# Tapatalk...



## livpoksoc (27 May 2014)

I used to use tapatalk to access the forum, but when I upgraded my phone I didn't put tapatalk back on.

I've downloaded it today, but can't find cyclechat on there. Can anyone resolve? If not recommend any other forum readers that can access here?
Thanks


----------



## fossyant (27 May 2014)

We dropped its support due to advertising issues. The mobile version of the site works well on a phone, so no need for tapatalk


----------



## Shaun (27 May 2014)

No need for an app - just use the web browser on your phone / tablet and CycleChat will automatically adjust the layout to fit. 

Cheers,
Shaun


----------



## livpoksoc (27 May 2014)

Thanks chaps. Keep up the good work


----------



## PaulSB (16 Aug 2014)

Is the item below - Gliff, second topic - an example of the things which concerned Admin re TapaTalk?

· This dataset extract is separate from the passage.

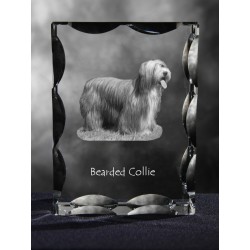 Bearded Collie - kryształowy sześcian z wizerunkiem psa, wyjątkowy prezent!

This just stared appearing randomly on a football site I help out with. It leads direct to an IOS app. 

Thanks


----------



## Shaun (20 Aug 2014)

Yes, along with security issues too; it also didn't support any of the other add-ons we use here and I had some personal misgivings regarding the direction the Tapatalk developers were taking regarding monetising the content of sites who used it. I'm satisfied it was the right move since the revenue generation has become even more ingrained and the security more lax.


----------